I could go on -- Sex and the City has been on my mind ever since an earnest young student in Beijing told me that she and her friends watch pirated copies of it as a form of sex education.  (Memo to Chinese government: you have your work cut out for you.)  But no one is paying me, so ... below find a pretty good swipe at the movie by the New Yorker's Anthony Lane, who would be a fine critic if he ever bothered to string more than two aperçus together.
The Current Cinema
Carrie
"Sex and the City."
by Anthony Lane June 9, 2008

Secrecy has clouded "Sex and the City" since it was first announced. When would the film appear? Who would find a husband? Would one of the main characters die? If so, would she commit suicide by self-pity (a constant threat), or would a crocodile escape from the Bronx Zoo and wreak a flesh-ripping revenge for all those handbags? As the release date neared, the paranoia thickened; at the screening I attended, we were asked not only to surrender our cell phones but to march through a beeping security gate, as if boarding a plane to Tel Aviv. There was even a full-body pat-down, by far the biggest turn-on of the night. Not a drop of the forthcoming plot had been leaked in advance, but I took a wild guess. "Apparently," I said to the woman behind me in line, "some of the girls have problems with their men, break up for a while, and then get back together again." "Oh, my God!" she cried. "How do you know?"
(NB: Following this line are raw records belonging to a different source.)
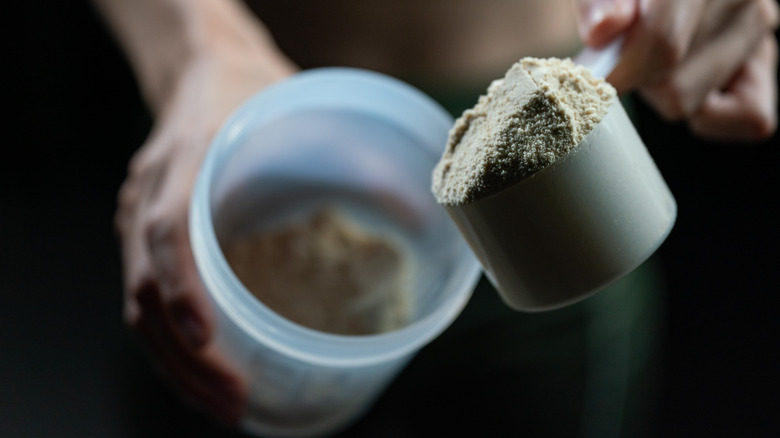 close-up of whey protein powder pouring into shaker bottle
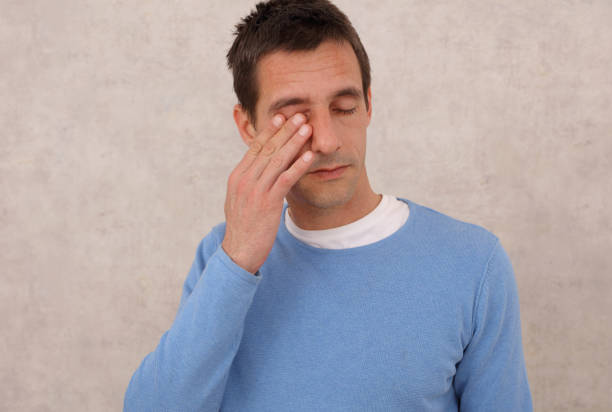 istock Man touching is face, eyes. Coronavirus Prevention, New habits, Self-isolation , Quarantine 1216022892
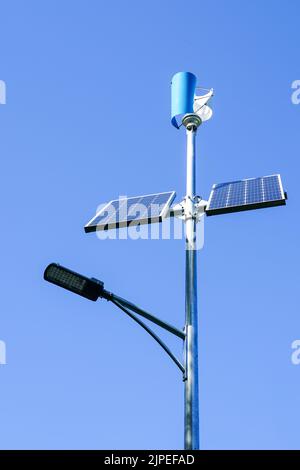 Pole with innovative LED street light powered by solar cells and small vertical wind generator, blue sky background Stock Photo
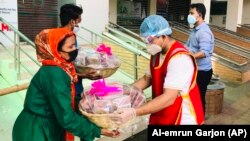 Members of Bidyanondo Foundation distribute packages to people receiving them on behalf of COVID-19 patients in Dhaka, Bangladesh, June 6, 2020. (AP Photo/Al-emrun Garjon)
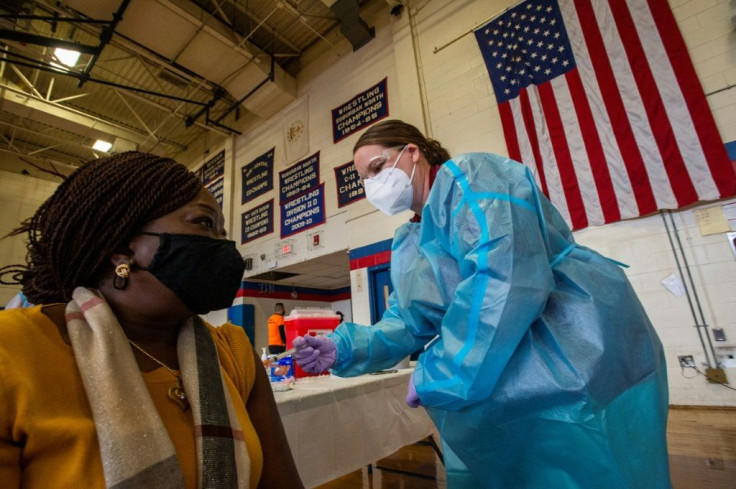 Doris Norman gets the Covid-19 vaccine in the United States, where minorities have died from the virus at higher rates than whites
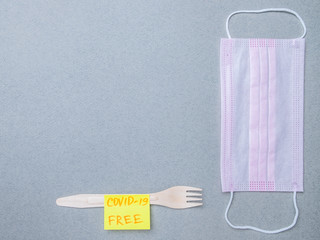 Wooden fork, pink medical mask and sticker with the inscription covid-19 free on a gray background. The concept of delivering safe, uninfected food during the quarantine coronavirus. Layout copy space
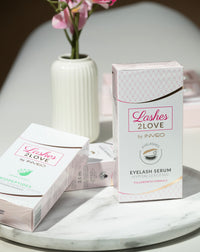Lerelle Beauty Lashes2Love Lash Growth Serum and Biopeptides Serum boxes styled together on marble with flowers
What followed was not strictly a movie. It was more like a TV show on steroids. The televised episodes, which ran from 1998 to 2004, lasted for no more than half an hour each. So, spare a thought for the director of the film, Michael Patrick King, who also wrote the screenplay. Faced with the flimsiest of concepts, he had to take it by both ends and pull until he stretched it out to two and a quarter hours. Two and a quarter! When Garbo made "Anna Karenina," in 1935, she got happy, unhappy, loved, left, and under the train in less than a hundred minutes, so how the hell are her successors supposed to fill the time?

To be fair, there are four of them--banded together, like hormonal hobbits, and all obsessed with a ring. As the story begins, two are married already. First, there is Miranda (Cynthia Nixon), who has a job, a child, and not enough sex with her husband, Steve (David Eigenberg), perhaps because he reminds her of Radar, from "M*A*S*H." Then comes Charlotte (Kristin Davis), who is blissfully wedded to--well, what is she wedded to, exactly? He goes by the name of Harry (Evan Handler), but he's a ringer for Dr. Evil, from the "Austin Powers" franchise, with all the evil sucked away; what remains is fey and shiny-headed, smiling sweetly about something known only to himself. For a movie about the need for real men--lusty, loyal, and loaded--this unusual earthling is truly a most peculiar advertisement for the gender.

Next, we have Samantha (Kim Cattrall). Everyone has Samantha, or had her at some point; so she would like us to believe, and this is where the film of "Sex and the City" begins to part company with the original. The TV show was smart enough to trade on both the sentimentality and the shockability of its viewers, encouraging them to sigh at romantic satisfaction while snickering at the dirty talk that gave it spice. Behind it all, one caught a whiff of stale Puritanism: despite the women's knowing bid for urbanity, there was an old-school, anti-sophisticated wish to put desire in its proper place, or, better still, to disperse it in a shared public giggle, for fear of where it might lead. Now the whiff has become a blast, and Samantha's efforts to signal her appeal, which might have seemed languorous on the small screen, are blown up here into an embarrassing semaphore: thudding closeups of her slurping through a cocktail straw or swallowing a mouthful of guacamole. No self-respecting maker of soft erotica would countenance such shots, and, as for the matching dialogue ("Something just came up," Samantha murmurs over the phone, as her boyfriend stands beside her in bulging briefs), it's a straight lift from flaccid, mid-period James Bond. In a daring plot development, she buys a dog the size of a child's slipper; the camera keeps cutting away to it, and guess what--the pooch screws, too! Mirth is unconfined.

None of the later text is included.